Knowing the most important metrics to a client is the best way to ground your audit in success. If it’s an account you’re managing, we would imagine you have KPI’s picked out. It may be worth a quick check with your client to make sure you’re focusing correctly. Also, if you’re helping a fellow account manager whose account you don’t typically look at, determine the key metrics to dive in to.
This is usually one of our favorite areas of an account to audit because specific settings tend to be something that are set up when a campaign is started and then never looked at again. A big win in this area is if a campaign is targeting Search and Display traffic within one campaign, which we find more often than you may guess. From here you can also check out device bid modifiers, ad delivery method, ad rotation (optimizing for clicks when goals are based around conversions?), location/language targeting, and ad scheduling. Modifiers can sometimes impact performance more than expected. It’s worth double-checking to see if changes were made when performance came into question.
The first item to look at with campaigns is whether the naming structure makes sense and is easily understandable. Essentially, are the campaigns numbered 1-20 or do they have unique names that explain what kind of ad groups I’m going to find? As we talked about before, are the campaigns opted into the Search or Display network only? Are Interest Category or Topics campaigns broken out into their own campaigns or folded into a general Display campaign?
Reviewing campaign structure is where we start to determine if the rest of the account structure is going to follow a sensible method or if the remainder of the audit is going to require some Sherlock Holmes-style decoding on our part.
Assuming the campaign structure is laid out in a regimented way, the next item to look at is how the ad groups are set up. For instance, if you’ve got general product categories as your campaigns, are the ad groups the subcategories for the main category? Does each ad group have a maximum of 20 keywords in it? You want to make sure you don’t have an ad group that’s too wide-reaching, as it will make ad copywriting to match the terms difficult.
When auditing keywords, you want to review the match types. If most of the terms are broad match, some expansion for increased ROI could be completed by adding modified broad, phrase, and exact match terms. If the account is relying predominantly on broad match, is there a logical negative keyword strategy in place to weed out irrelevant traffic? Further, has broad modified match been implemented? Are bids set too high or low to produce results or maintain goals? Finally, we like to take a look at a search term report and see if some keywords that bring a lot of traffic or conversions to the account still need to be added to the account structure to increase profitable reach.

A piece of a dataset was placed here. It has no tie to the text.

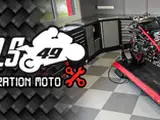 Photo de Atelier Réparation Moto Amps49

When looking at ads in any given account, keep the basics in mind at the front end. Are the ads grammatically correct or do they contain spelling errors? Are the ads taking advantage of the punctuation that is permitted by the engines (i.e. do they contain any exclamation points, registered/trademark symbols, etc.)? Are the ads promoting prices or offers that have expired? Is there a different message being illustrated depending on the stage of the buying cycle this ad is intended for? Finally, when was the last time an ad test was performed? Generally speaking, if there isn’t always an active ad test in an account, we try to determine why. No ad copy is perfect so something should always be tested to further enhance performance.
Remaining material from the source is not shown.